I still prefer stored procedures from the DBA side for the following reasons (and several of them can have a huge impact on performance):

  • If I have multiple apps that re-use the same queries, a stored procedure encapsulates that logic, rather than littering the same ad hoc query multiple times in different codebases. Applications that re-use the same queries can also be subject to plan cache bloat, unless they are copied verbatim. Even differences in case and white space can lead to multiple versions of the same plan being stored (wasteful).
  • I can inspect and troubleshoot what a query is doing without having access to the application source code or running expensive traces to see exactly what the application is doing.
  • I can also control (and know in advance) what queries the application can run, what tables it can access and in what context, etc. If the developers are writing queries ad-hoc in their application, they're either going to have to come tug my shirt sleeve every time they need access to a table that I didn't know about or couldn't predict, or if I'm less responsible/enthused and/or security-conscious, I'm just going to promote that user to dbo so they stop bugging me. Typically this is done when the developers outnumber the DBAs or the DBAs are stubborn. That last point is our bad, and we need to be better about providing the queries that you need.
  • On a related note, a set of stored procedures is a very easy way to inventory exactly what queries may be running on my system. As soon as an application is allowed to bypass procedures and submit its own ad-hoc queries, in order to find them, I have to run a trace that covers an entire business cycle, or parse through all of the application code (again, that I might not have access to) to find anything that looks like a query. Being able to see the list of stored procedures (and grep a single source, sys.sql_modules, for references to specific objects) makes everyone's lives much easier.
  • I can go to much greater lengths to prevent SQL injection; even if I take input and execute it with dynamic SQL, I can control a lot of what is allowed to happen. I have no control over what a developer is doing when constructing inline SQL statements.
  • I can optimize the query (or queries) without having access to application source code, the ability to make changes, the knowledge of the application language to do so effectively, the authority (never mind the hassle) to re-compile and re-deploy the app, etc. This is particularly problematic if the app is distributed.
  • I can force certain set options within the stored procedure to avoid individual queries from being subject to some of the Slow in the application, fast in SSMS? problems. Meaning that for two different applications calling an ad hoc query, one could have SET ANSI_WARNINGS ON, and the other could have SET ANSI_WARNINGS OFF, and they would each have their own copy of the plan. The plan they get depends on the parameters in use, stats in place, etc. the first time the query is called in each case, which could lead to different plans and hence very different performance.
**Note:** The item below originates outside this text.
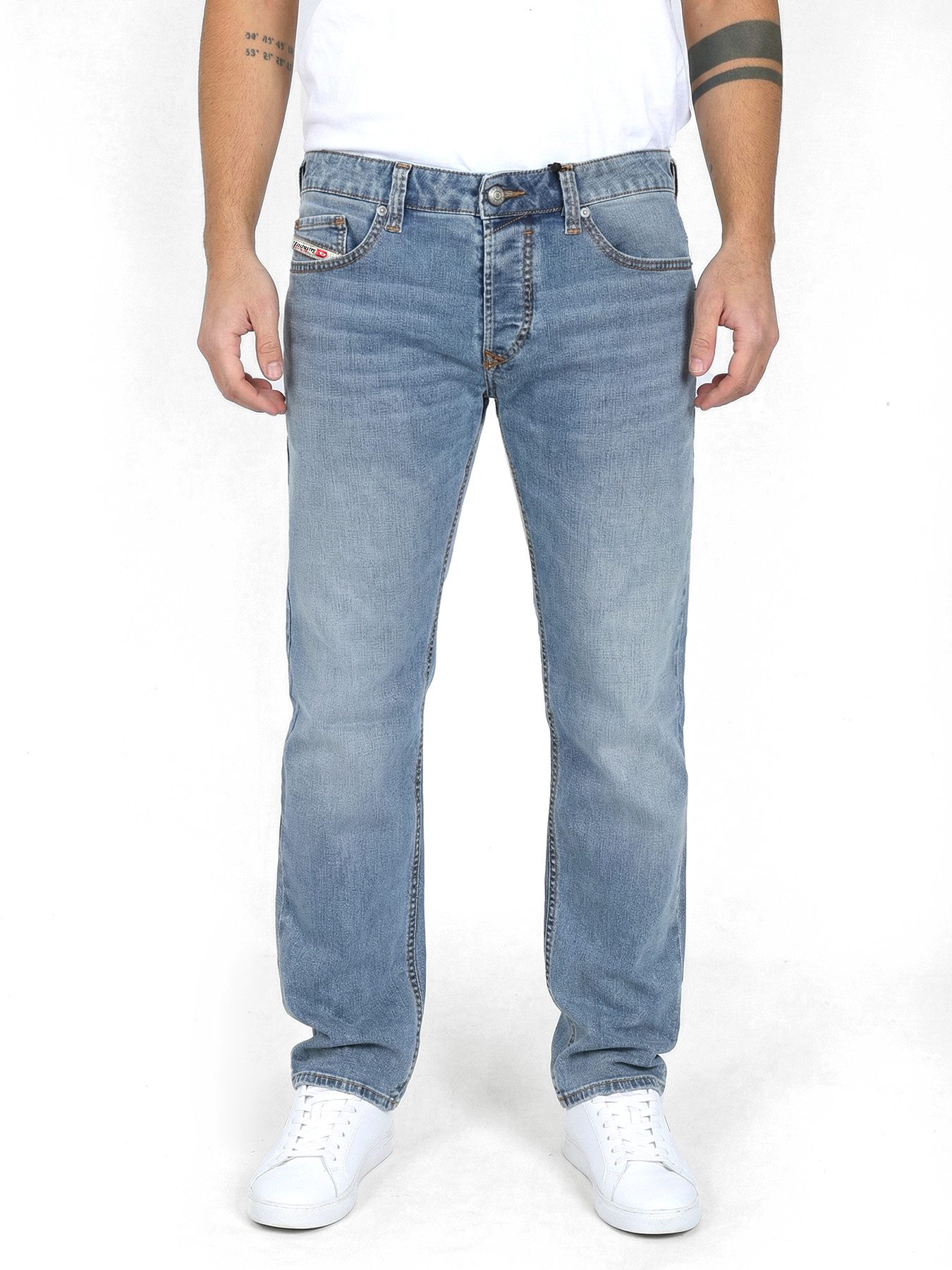 Diesel Straight-Jeans Leichtgewicht-Denim - SAFADO X R09BX - Länge:32 niedr günstig online kaufen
  • I can control things like data types and how parameters are used, unlike certain ORMs - some earlier versions of things like EF would parameterize a query based on the length of a parameter, so if I had a parameter N'Smith' and another N'Johnson' I would get two different versions of the plan. They've fixed this. They've fixed this but what else is still broken?
  • I can do things that ORMs and other "helpful" frameworks and libraries are not yet able to support.

That all said, this question is likely to stir up more religious arguments than technical debate. If we see that happening we'll probably shut it down.